Copy exactly, and copy nothing else: the line that contains "their message for" and all lines after it in the listing, without pictures.

****

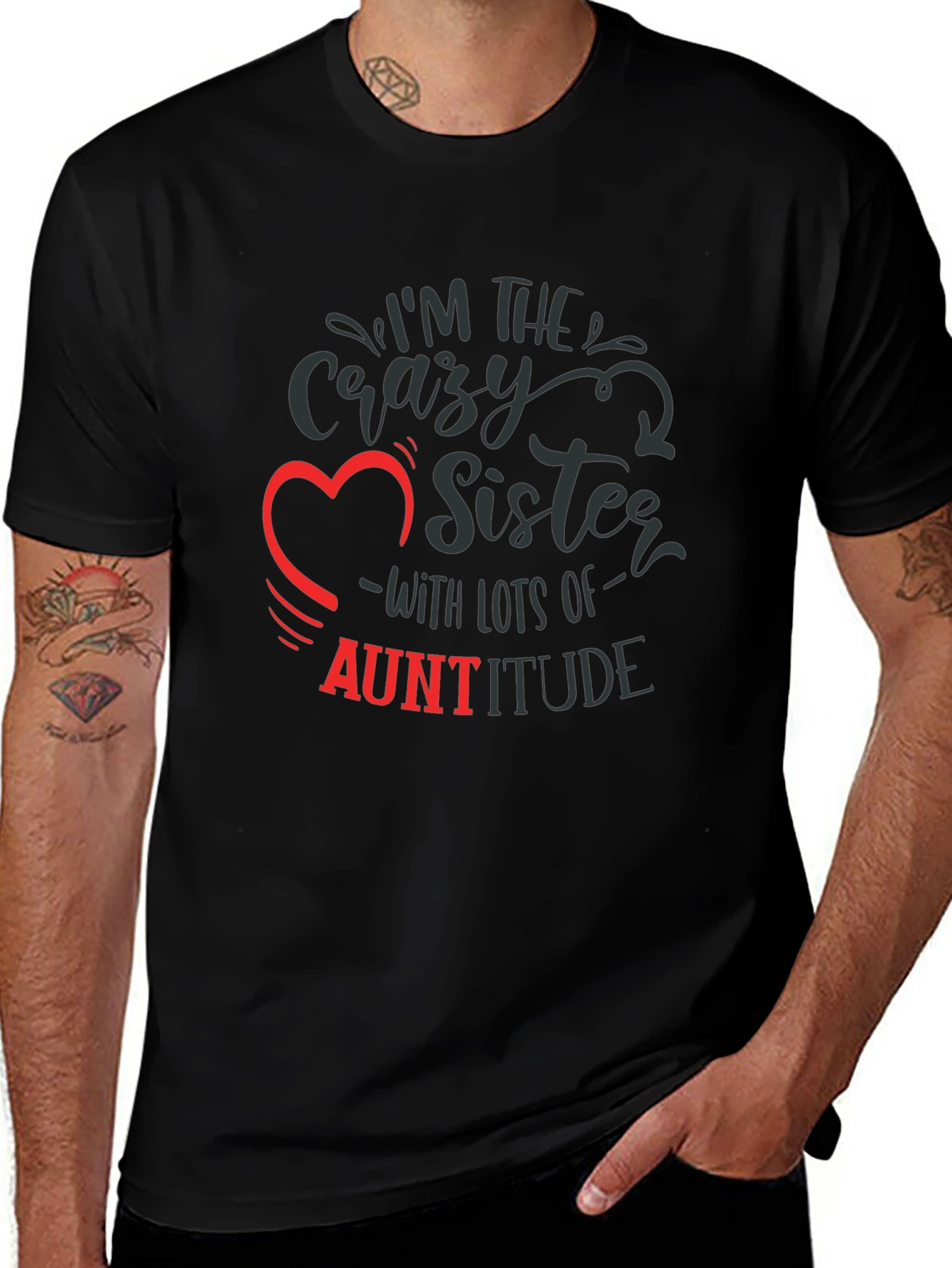 Variant 25 of Crazy Sister Auntitude Black Tee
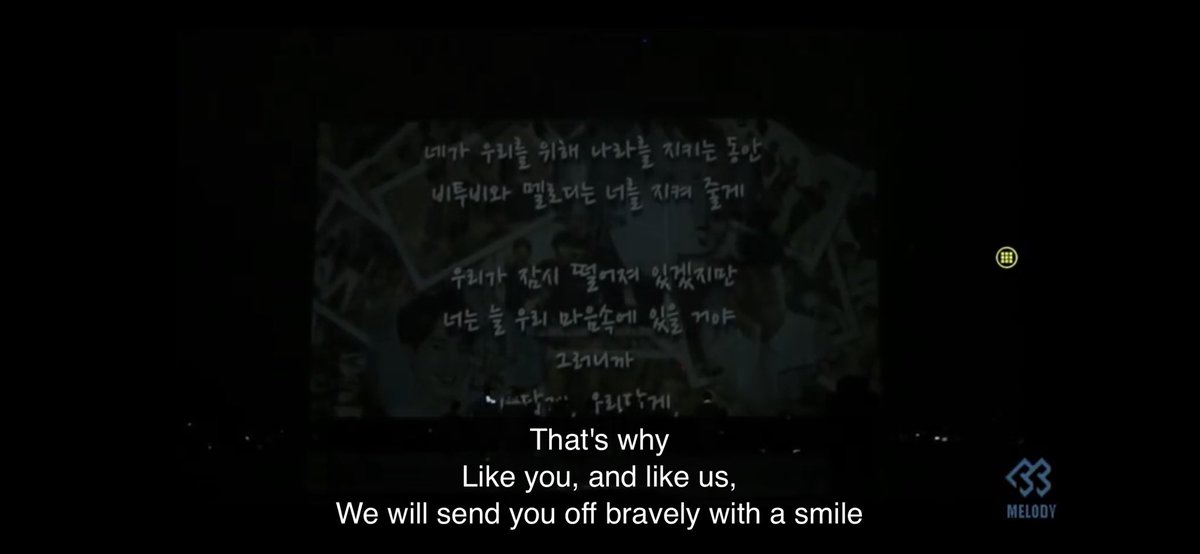 their message for eunkwang  to sungjae and hyunsik, “we will send you off bravely with a smile. go and come back safely.”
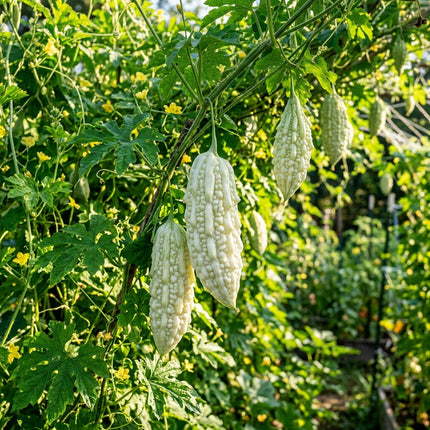 15 White Pearl Bitter Gourd Seeds - Rare Heirloom Balsam Pear Seeds - Grow Mildly Bitter White Melons for Asian Cuisine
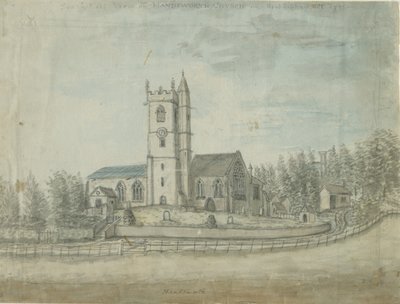 Handsworthin kirkko: akvarellimaalaus, 1769 tekijältä Unbekannt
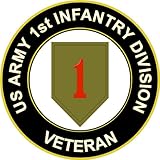 U.S. Army Veteran 1st Infantry Division Window Bumper Sticker Decal 3.8"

****

◆ Answer area
 their message for eunkwang  to sungjae and hyunsik, “we will send you off bravely with a smile. go and come back safely.”
 15 White Pearl Bitter Gourd Seeds - Rare Heirloom Balsam Pear Seeds - Grow Mildly Bitter White Melons for Asian Cuisine
 Handsworthin kirkko: akvarellimaalaus, 1769 tekijältä Unbekannt
 U.S. Army Veteran 1st Infantry Division Window Bumper Sticker Decal 3.8"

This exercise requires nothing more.